System.Data.SqlDataReader returns dataset of previous query after a database timeout happens
Some details from my reproduction case:
On the .NET Framework version 4
There is a possible concurrency issue in the SQL Server ADO.NET implementation that manifests when queries are cancelled or time out on the client, using the SqlCommand.ExecuteReader api.
To reproduce the issue seen in the field:
I run start 3 new timed tasks concurrently every second that run 3 - 5 relatively small queries that complete and return (all using SqlCommand.ExecuteReader), this runs as expected.
Then I add a long running query to the test run, set to execute every 65 seconds but cancel after 60 seconds. It would take longer than 60 seconds for the query to complete so gets cancelled every time (using SqlCommand.Cancel()).
After running for several minutes, suddenly most of the attempts to iterate the SqlDataReader returned error because the expected fields are not present on the returned rows, so when the data layer tries to access them by name, there is an exception.

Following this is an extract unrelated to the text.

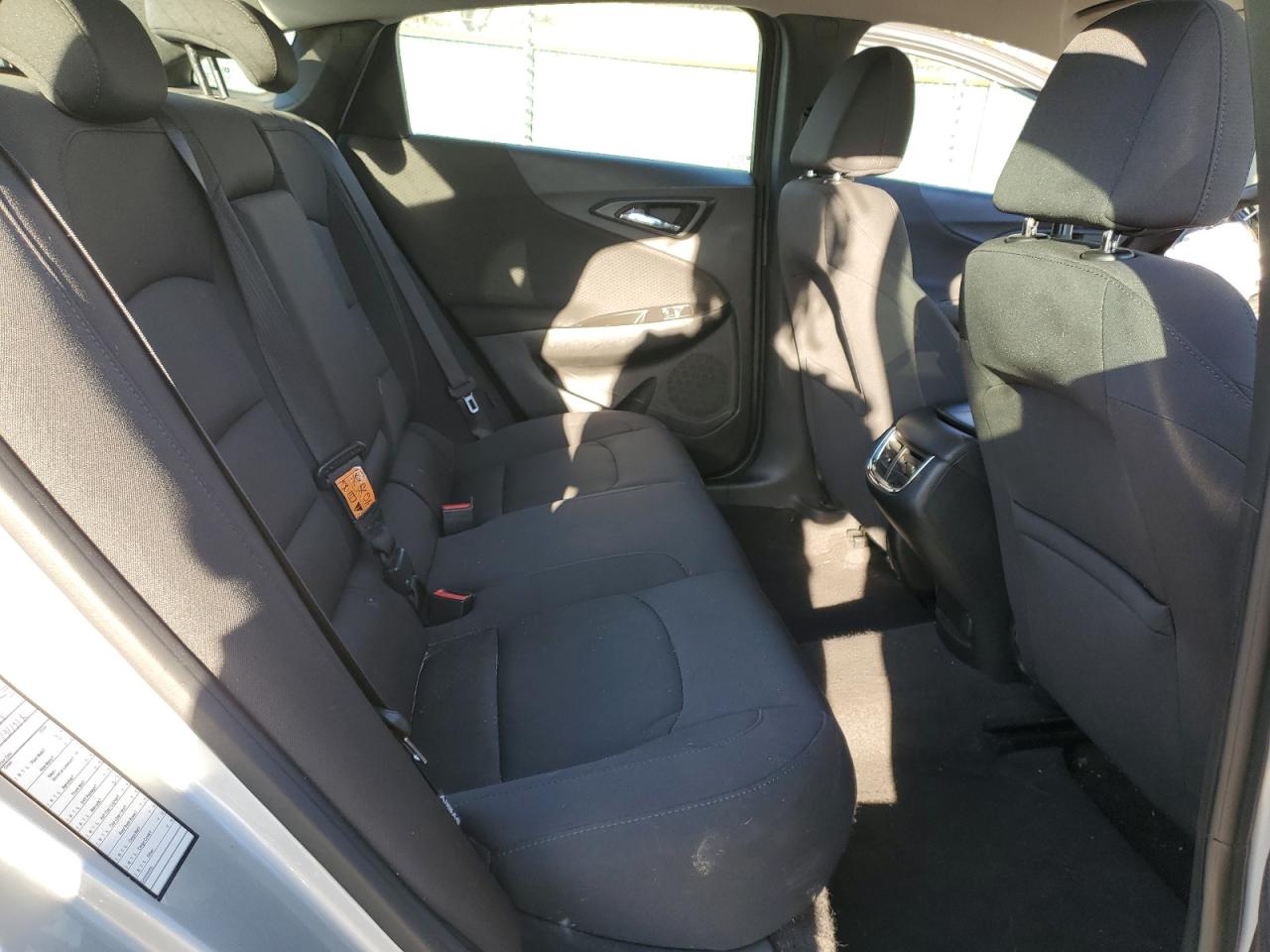2017 Chevrolet Malibu - Image 11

Adding logging code to print the fields on the row indicate that they are from another query that is being run as part of the test, so one that is either running concurrently or very recently.
Once this problem occurs for one query, it happens very frequently indeed, in fact most queries fail. In the field, even services that were only trying to service 5 or so queries a minute were returning the wrong recordsets back for most queries.
Restarting the process fixes the problem.
1. A new connection, command and reader object are instantiated per query, and are used withing their own 'using' blocks.
2. Default connection pooling for ADO.NET is being used
3. Most connections are to the same DB, there is a seperate connection made to another DB on another server once per task run but this is always completed successfully.
4. The code is mature and in use in production on Windows .NET framework systems without issue, and running the same tests on Windows .NET framework cannot reproduce the problem, so it is unlikely to be an issue across both platforms
Is there any update or workaround for this issue? It is a show stopper for a critical project at my company
I've additionally encountered this bug while writing a fairly routine CRUD api - this seems like a critical bug that needs to be patched asap. The workaround (setting Pooling=false in the connection string) measurably increases the overhead when the application is under high load. More importantly, the bug often only shows up during high load testing and is difficult to track down if the same query is being run many times in parallel and the returned schema is correct but the values are from a different query. Is there a timeline for fixing this?